MerlinSchaefer/spotify_etl

Repository files navigation

Spotify ETL Project

This repo contains a Spotify ETL project.

The idea is to query the Spotify API regularly and obtain the latest information about songs a user listened to. This info is gathered to build a database of historical music choices. Additionally I plan to query other sources to obtain information about events, weather, etc. to see if we are really "singing in the rain" or dance in summer :) The end goal is a dashboard, automatic playlist generation etc. to give more insights into one's music choices over time and in relation to outside influences (if there are any). Maybe this can even be enriched with a sensible recommendation.

Additionally I want to use this project to learn and practice some best practices such as CI/CD, type hinting and checking, testing, and data validation through pydantic.
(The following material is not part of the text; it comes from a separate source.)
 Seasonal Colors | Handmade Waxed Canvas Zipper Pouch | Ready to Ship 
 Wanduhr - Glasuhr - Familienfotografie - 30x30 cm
Tech Stack (question mark means potential but still undecided):

  • Python (pandas, spotipy, mypy, pydantic, psycopg2, boto3, black)
  • PostgreSQL on RDS
  • AWS EC2 + cronjob (Airflow could technically be used, dag is functional, complications of setup on EC2 didn't warrant the effort. A simple cronjob works for the hourly data ingest.)

Spotify Authentication

Authentication is handled by spotipy and oauth2. To use spotipy.oauth2 the SPOTIPY_CLIENT_ID and SPOTIPY_CLIENT_SECRET environment variables need to be set. In order to obtain a set of credentials you need to register with the Spotify Developer Service.